Il soldato a terra vede un lampo che si sprigiona dall’aereo; una manciata di secondi per ripassare tutta la propria vita, vede la morte qualche istante prima che essa arrivi. I suoi commilitoni sono nel capannone che era l’Obiettivo dell’aviatore. Non può avvertirli, moriranno, come lui, senza sapere perché.
Ottant’anni prima.
«È caduta una bomba. I vetri delle finestre vibrano. Le contraeree hanno reagito nel prossimo futuro non ci saranno armi, esercito, marina o aviazione e nessun giovane sarà più addestrato per andare in guerra. Il che stuzzica un altro calabrone nel vespaio della mente, ed ecco l’ennesimo ronzio: « più d’ogni cosa desideravo combattere contro il nemico, ottenere onore e gloria eterni eliminando nemici che fossero stranieri in tutto e per tutto e rimpatriare con medaglie e decorazioni. A questo scopo fino ad oggi, avevo dedicatola vita, lo studio, la preparazione del corpo, tutto…..Non appena la paura è passata, la mente si rilassa per istinto, torna in sé cercando di creare qualcosa. Ritornano in mente le voci degli amici, e stralci di poesie. Ciascuno di questi pensieri è ben più positivo, rigenerante e creativo della stupida trepidazione provocata dall’odio e dalla paura. Perciò per compensare il giovane soldato della rinuncia alla gloria che avrebbe potuto ottenere con l’uso delle armi, dovremmo senz’altro offrirgli la via delle emozioni creative. È nostro dovere creare la felicità, liberarlo dalla mitragliatrice, dalla sua prigione e farlo uscire all’aria aperta» (Virginia Woolf, Pensare la pace durante un raid aereo).

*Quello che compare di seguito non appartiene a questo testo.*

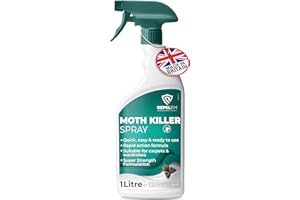 REPELEM 1L Moth Killer Spray - Fast Acting Moth Repellent & Insect Killer, Kills Moths at all Life Stages, Professional Strength Permethrin Spray, Large Clothes & Carpet Moth Treatment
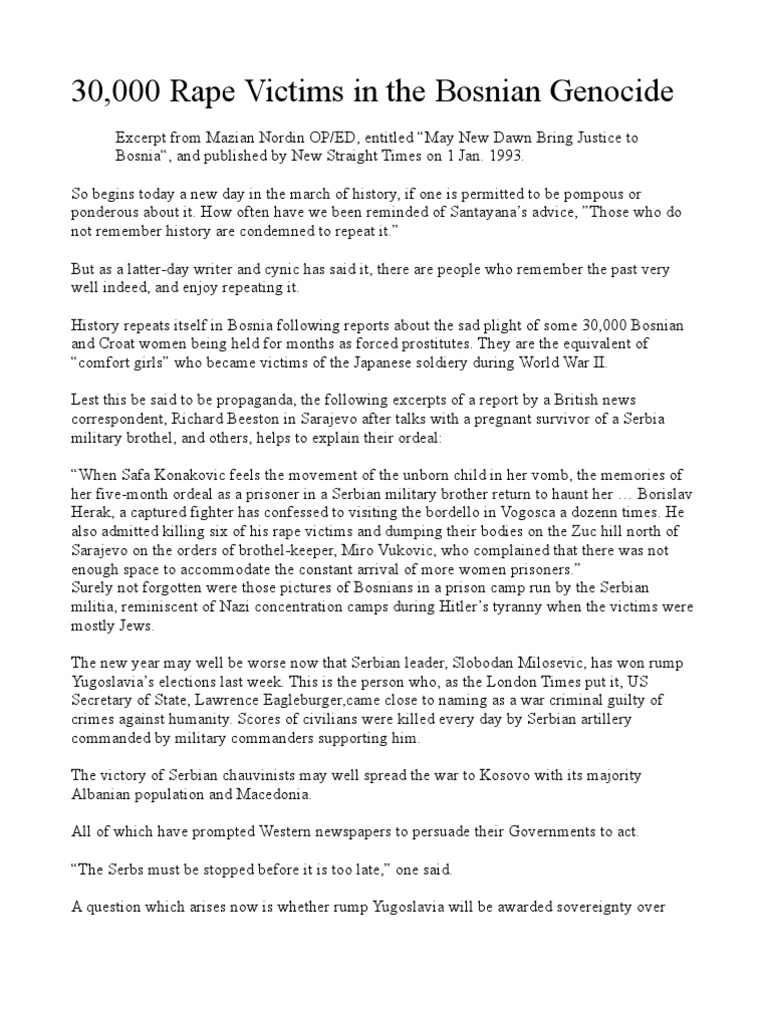 Facts 30 000 Women Raped In The Bosnian Genocide Pdf Slobodan
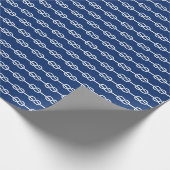 Papier Cadeau Motif de corde marine et blanche (Coin)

E, ancora. «Nell’ottobre del 1940, di ritorno dall’Africa del nord, essendo la mia vettura (leggi aereo) parcheggiata esangue, in qualche polverosa rimessa, ho scoperto la carretta e il cavallo. E, con essa, l’erba delle strade di campagna. Le pecore e gli ulivi. Ho scoperto che gli ulivi avevano un’altra funzione che di cadenzare il tempo dietro i vetri del finestrino a centotrenta chilometri l’ora. Essi si mostravano nel vero ritmo, che è di fabbricare lentamente le olive. Le pecore non avevano più come fine esclusivo di fornire dati per le rivelazioni statistiche. Ridiventavano vive. Facevano del vero sterco e producevano della vera lana. E anche l’erba aveva un senso, perché la brucavano. E io mi sono sentito rivivere nel solo angolo del mondo dove la polvere è profumata. E m’è parso d’essere stato, in tutto il resto, della mia vita, un imbecille». (Antoine de Saint-Exupéry, Lettera al Generale X, in, «Dare senso alla vita», Macond libri, 2015).